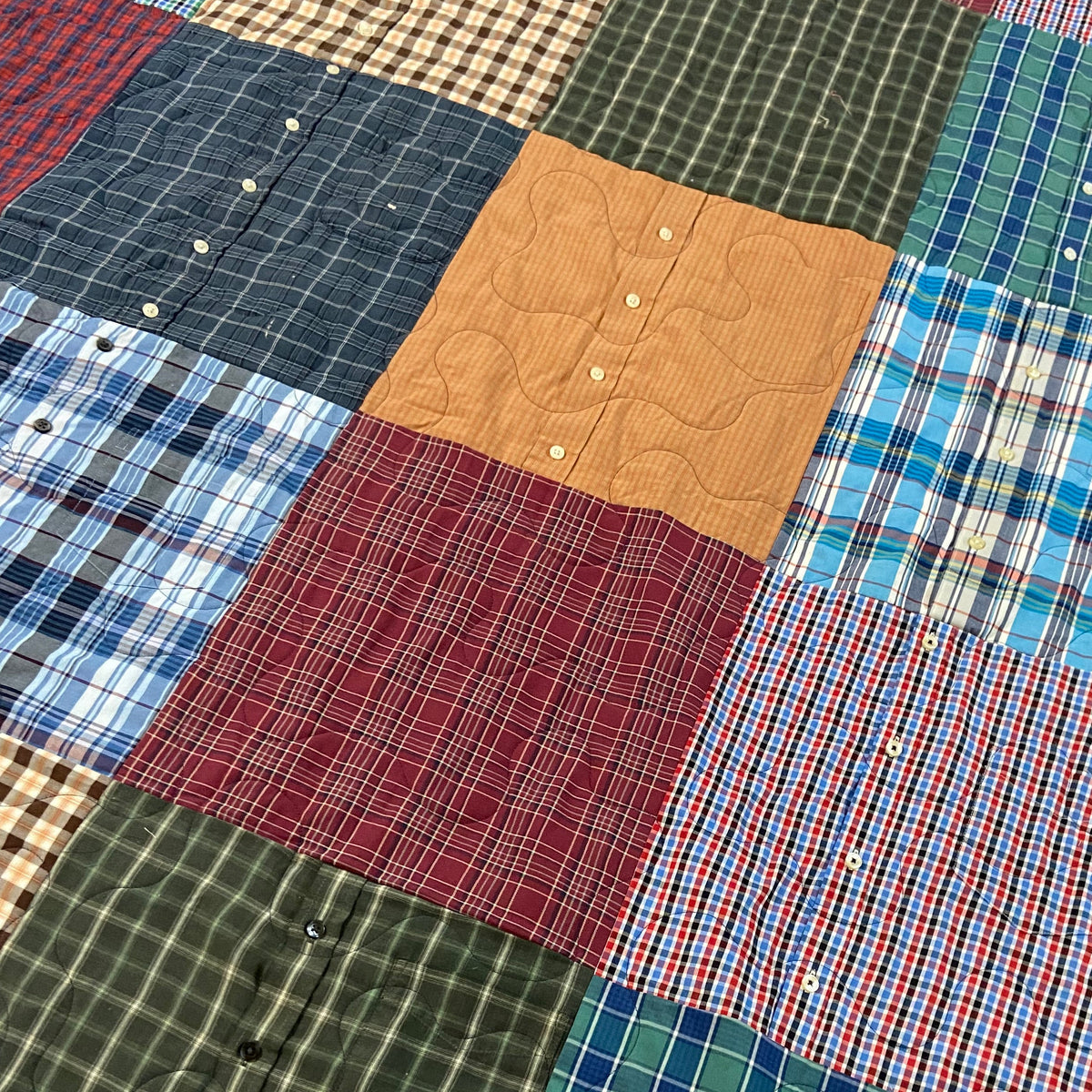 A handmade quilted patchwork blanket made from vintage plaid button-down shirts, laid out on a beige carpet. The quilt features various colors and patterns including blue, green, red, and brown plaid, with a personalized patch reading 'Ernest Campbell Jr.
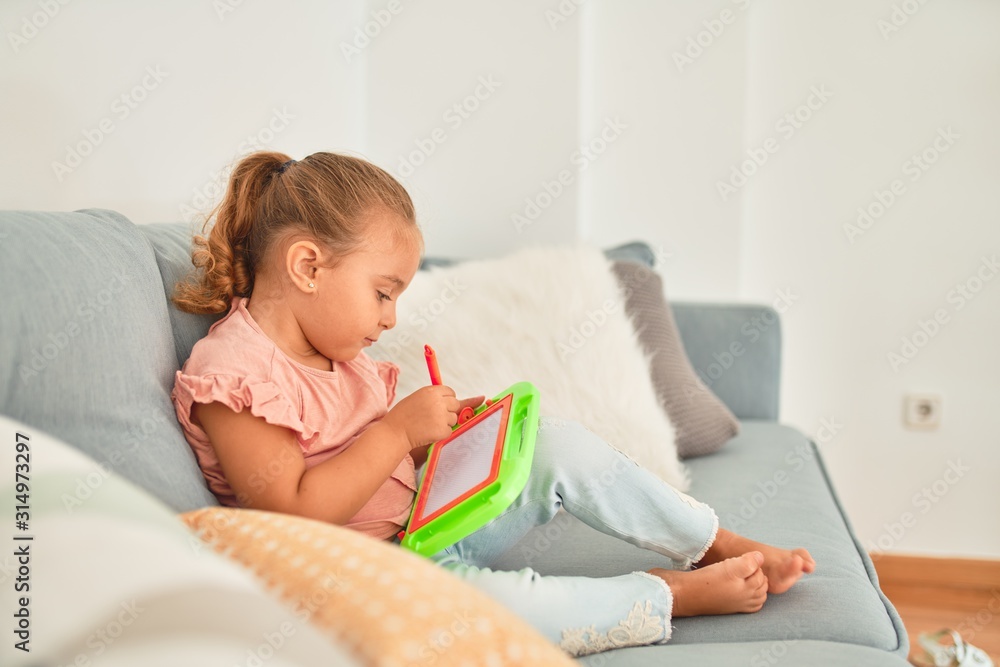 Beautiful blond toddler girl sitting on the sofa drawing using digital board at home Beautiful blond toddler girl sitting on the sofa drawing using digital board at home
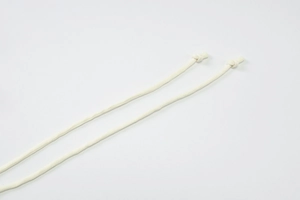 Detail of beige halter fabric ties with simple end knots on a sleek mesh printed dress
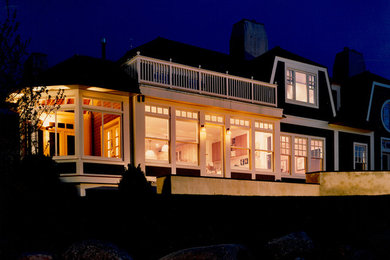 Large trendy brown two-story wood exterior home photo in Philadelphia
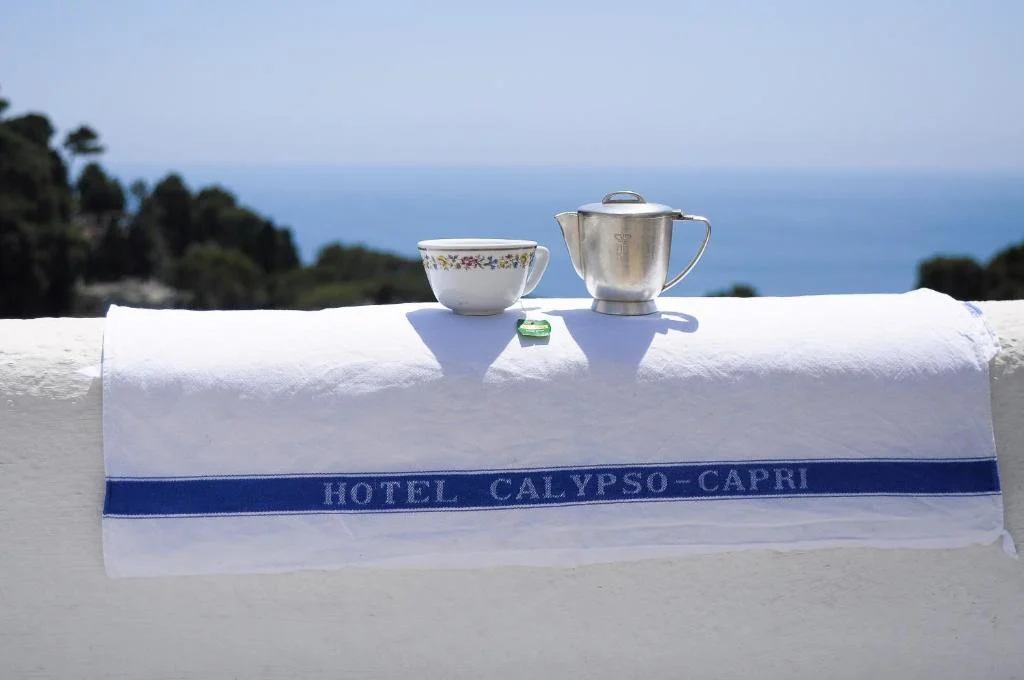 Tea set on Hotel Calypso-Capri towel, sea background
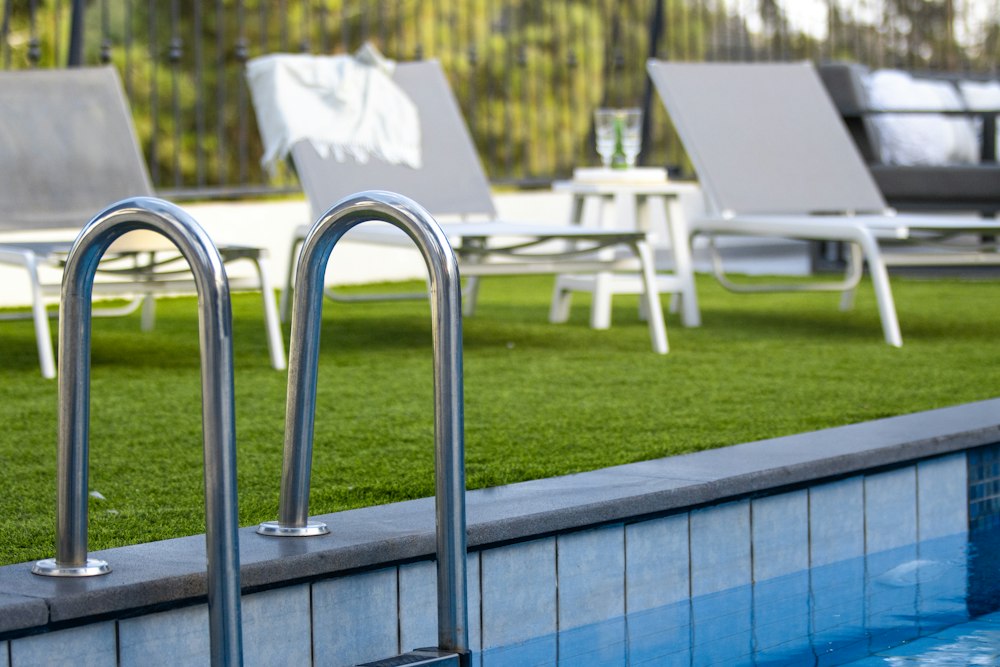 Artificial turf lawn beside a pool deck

--

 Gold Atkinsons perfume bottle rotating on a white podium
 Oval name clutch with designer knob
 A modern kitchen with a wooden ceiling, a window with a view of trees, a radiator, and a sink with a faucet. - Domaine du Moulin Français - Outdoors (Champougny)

[Your task]
Among the entries above, take the line with "A handmade quilted", the line with "Artificial turf lawn beside a pool deck", and all the lines between them, and restate them word for word without pictures.

[Answer to the problem]
 A handmade quilted patchwork blanket made from vintage plaid button-down shirts, laid out on a beige carpet. The quilt features various colors and patterns including blue, green, red, and brown plaid, with a personalized patch reading 'Ernest Campbell Jr.
 Beautiful blond toddler girl sitting on the sofa drawing using digital board at home Beautiful blond toddler girl sitting on the sofa drawing using digital board at home
 Detail of beige halter fabric ties with simple end knots on a sleek mesh printed dress
 Large trendy brown two-story wood exterior home photo in Philadelphia
 Tea set on Hotel Calypso-Capri towel, sea background
 Artificial turf lawn beside a pool deck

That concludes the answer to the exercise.